Elle avait la peau blanche, lui tendant un instrument, le regard franc en fixant ce qu'il faisait, et surtout elle parlait avec une sorte de délicatesse de sentiment, de voix, de réalité. Sa concentration glissait vers Esmée Platt comme si elle l'avait abandonnée, s'était accrochée à un autre fondamentalement différent d'elle : oui, sa pensée vivait à côté de son âme, et ce n'était que le réflexe qui lui permettait de continuer. Ils avançaient encore, continuaient de couchette en couchette. De moment en moment. Et ils arrivaient à la fin de la rangée complète, et il se souvenait de ce qu'elle venait de faire à chaque instant, imaginant ce qu'elle pourrait faire à la suivante. Mais elle s'arrêta avec une bizarre brutalité, sans plus trace de cette douceur qu'il s'était habitué à lui voir.
« - Tout va bien ? »
Il se sentit se pencher vers elle et s'arrêta.
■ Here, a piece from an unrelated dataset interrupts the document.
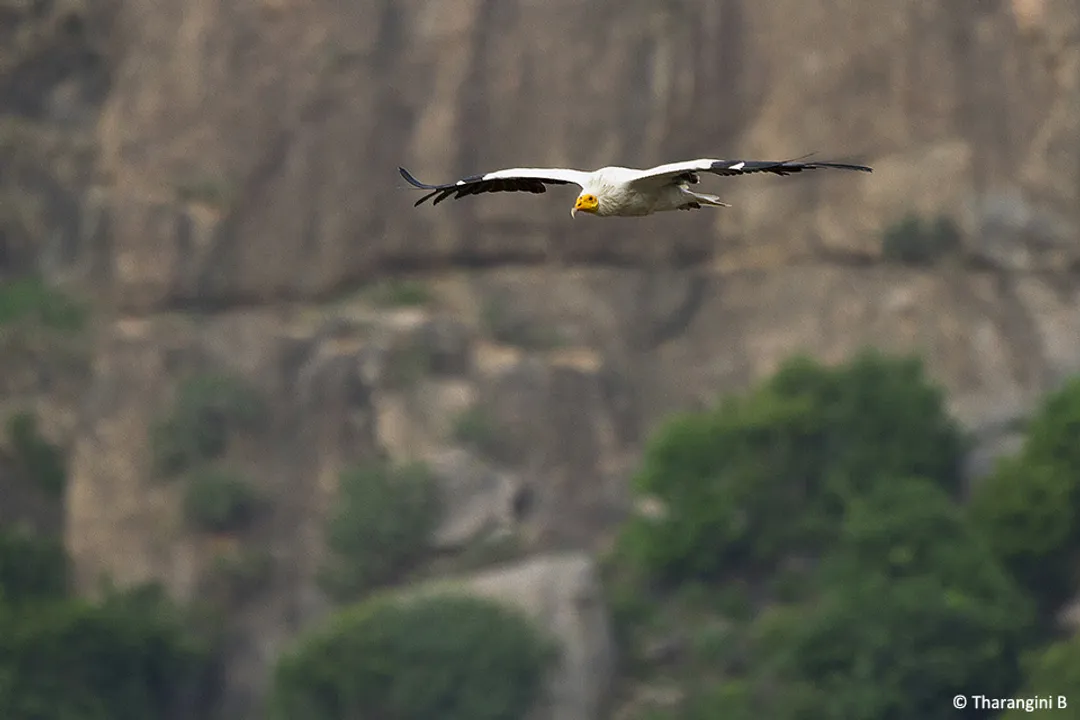 Do Egyptian vultures mate for life?, Plumage Development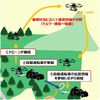 アイサンテクノロジーとKDDI、自動運転車とドローンを組み合わせたラストワンマイル物流を実証 2030年めどに実用化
Il ne pouvait pas laisser cela avoir lieu. Il ne devrait pas s'inquiéter, il ne devrait pas se pencher, il ne devrait pas. Tout simplement.
« - Ça ira. Oui, ça ira. Bien sûr. »
Elle se tut, et il se sentit en sécurité, en quelque sorte. Sa voix l'attaquait presque.
« - C'était mon fiancé, à vrai dire. Enfin, je veux dire, c'est mon fiancé. »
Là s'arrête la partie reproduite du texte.